Rel-MOSS: Towards Imbalanced Relational Deep Learning on Relational Databases
This work tackles the critical problem of class imbalance in relational deep learning, which can lead to unusable models for practitioners working with real-world relational databases.
This paper addresses the class imbalance problem in relational deep learning (RDL) for entity classification on relational databases (RDBs). The proposed Rel-MOSS method improves Balanced Accuracy by up to 2.46% and G-Mean by up to 4.00% compared to state-of-the-art RDL and classic imbalance handling methods.
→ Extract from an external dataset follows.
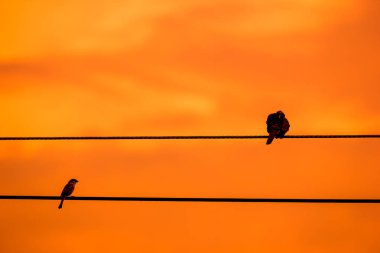 Elektrik hattı üzerinde küçük kuş yakın çekim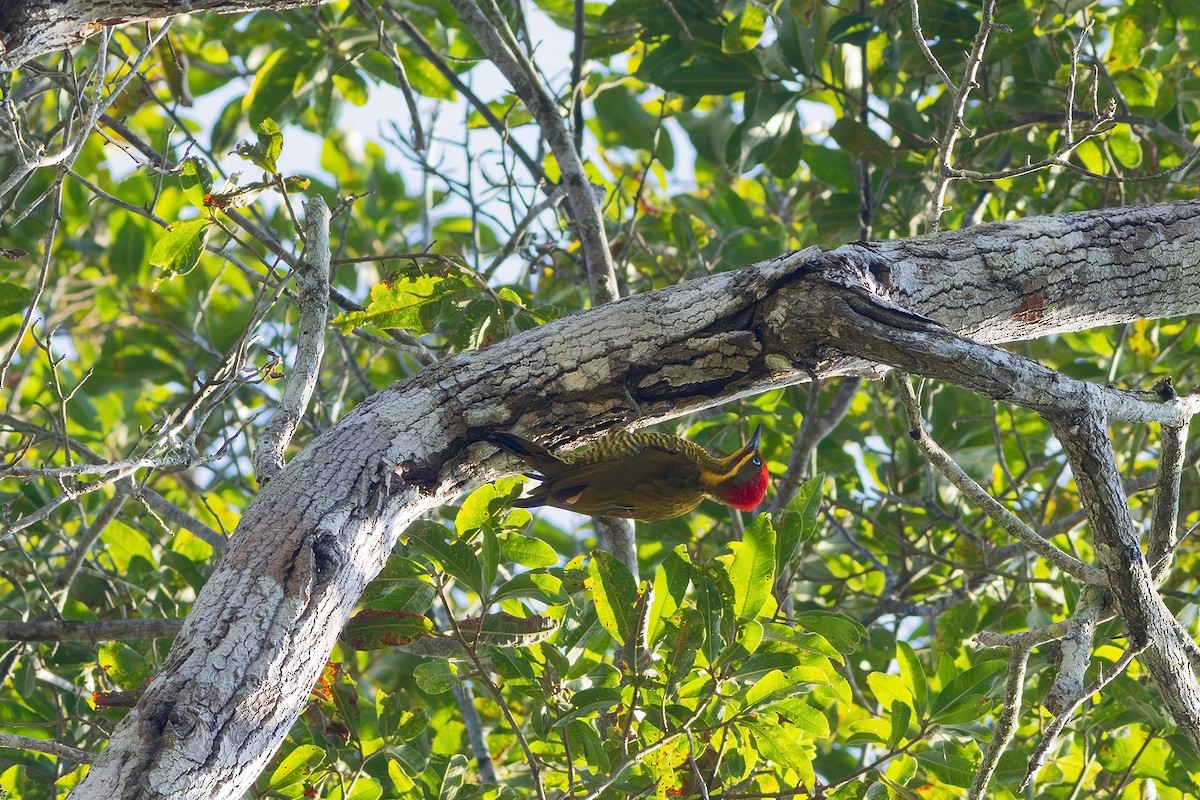 Golden-green Woodpecker (Atlantic) - ML618660907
In recent advances, to enable a fully data-driven learning paradigm on relational databases (RDB), relational deep learning (RDL) is proposed to structure the RDB as a heterogeneous entity graph and adopt the graph neural network (GNN) as the predictive model. However, existing RDL methods neglect the imbalance problem of relational data in RDBs and risk under-representing the minority entities, leading to an unusable model in practice. In this work, we investigate, for the first time, class imbalance problem in RDB entity classification and design the relation-centric minority synthetic over-sampling GNN (Rel-MOSS), in order to fill a critical void in the current literature. Specifically, to mitigate the issue of minority-related information being submerged by majority counterparts, we design the relation-wise gating controller to modulate neighborhood messages from each individual relation type. Based on the relational-gated representations, we further propose the relation-guided minority synthesizer for over-sampling, which integrates the entity relational signatures to maintain relational consistency. Extensive experiments on 12 entity classification datasets provide compelling evidence for the superiority of Rel-MOSS, yielding an average improvement of up to 2.46% and 4.00% in terms of Balanced Accuracy and G-Mean, compared with SOTA RDL methods and classic methods for handling class imbalance.